Yeah things would all be v different if we were closer and no pressures. it's a really big deal for her coming all this way or l go there and there she gets really nervy . She worries about having someone at her place and the neighbours, worries about taking me anywhere that she'll get us lost bc ldk how to use their PT, worries l won't have a good time, just worries haha.

Could imagine being round the corner, be hard to give that one up just for the convenience alone.

Wonder if if would.

lf he had to drive up to sydney to see ya you'd soon know where he's at.

ps incidently , why did he message you for coffee anyway ?

Did you think it was about making up or guilt or what ?

CMF
Blue Voices Member
Blue Voices Member

He def wouldn't drive interstate.  He couldn't be bothered spending tine with ne weeknights remember.  Didn't wanna make the effort.  Re the message, He'd messaged me a couple of times when i was trying no contact. Then I felt I needed to check in so I messaged to see how he was. He asked how I was & I'd said not good so he asked why & if I wanted to chat over coffee. Looking back he might have needed that to suggedt catching up. You know,  let me open that door. It just went from there.  He'd said he was was emotional driving to meet me cos he knew he'd hurt me etc. He then told me he was still very attracted to me etc.

Yeah. Good old sis ruined it.

randomxx
Community Member

Ah right , yeah so bit of everything in there by the sounds.

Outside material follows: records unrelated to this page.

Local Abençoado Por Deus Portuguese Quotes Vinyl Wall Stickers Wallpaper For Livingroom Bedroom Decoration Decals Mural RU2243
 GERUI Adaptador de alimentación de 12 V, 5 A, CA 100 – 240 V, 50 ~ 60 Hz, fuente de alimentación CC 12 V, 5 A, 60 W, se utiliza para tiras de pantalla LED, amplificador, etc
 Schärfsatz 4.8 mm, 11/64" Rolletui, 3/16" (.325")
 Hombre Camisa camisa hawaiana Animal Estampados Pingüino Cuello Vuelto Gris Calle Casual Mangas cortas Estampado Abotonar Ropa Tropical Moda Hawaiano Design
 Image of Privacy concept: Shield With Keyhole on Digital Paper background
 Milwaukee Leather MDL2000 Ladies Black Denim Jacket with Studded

lt's weird to me when people use terms like attracted though bc what are they talking about yaknow, how ?To me attracted is about looks but looks won't make a relationship yaknow , so l never get it, no wonder you've tousled with him on that one. But at the same time it is also important to though but it's not all of it.

lf l was to see her now wanting to get back together maybe l'm weird but still being attracted to her would be the last term l'd use as to why but ha, maybe l should've tried it right.

Doesn't like driving far eh, l'd drive to qld no problem, love it. But bc of her nervous thing flying down and everything involved was a really big thing though. She hated the travel part so she did incredible even more so nonetheless.

CMF
Blue Voices Member
Blue Voices Member

He likes how things look😃 

randomxx
Community Member

yeah , don't get me wrong l do to l'm an ex artist/painter and l do in my woman to

of cause. Just don't get the using just that term to get back together, wouldn't be enough for her l'd tell ya, she'd want soul and lots of it , oh , and a ring.

Butttt, just read your thread to and so fair enough if your happy as is then all is good anyway l guess.

We even talked about that , she even suggested it, mainly bc of the distance and her new situation there now.

l don't bloody know.

 

 

CMF
Blue Voices Member
Blue Voices Member

We're all attracted to looks but some, like you & me, need a deeper connection. He didn't have that. He's pretty much surface level. It makes me wonder how his marriage worked for so long but he did agree she probably cheated cos he wasn't emotionally available.  She used to call him out all the time.

randomxx
Community Member

Mind you , it was back when when we were talking about maybe casual but we were still together. Now , very different and she's been a real mess to.

ldk about the cheating , whatever the case it doesn't make it right does it , and what if it was vice verse. She was a terrible woman anyway impression l always get, sounded like a total b.

ldk if gf really meant stuff about me finding someone else, sometimes she'd say stupid stuff in a shyt but don't we all , do wonder if it was real though.

Wonder how he'd really feel if you came home said you've met someone else, wonder that about her to.

This is the longest we've ever been apart , ldk how or what l'm feeling.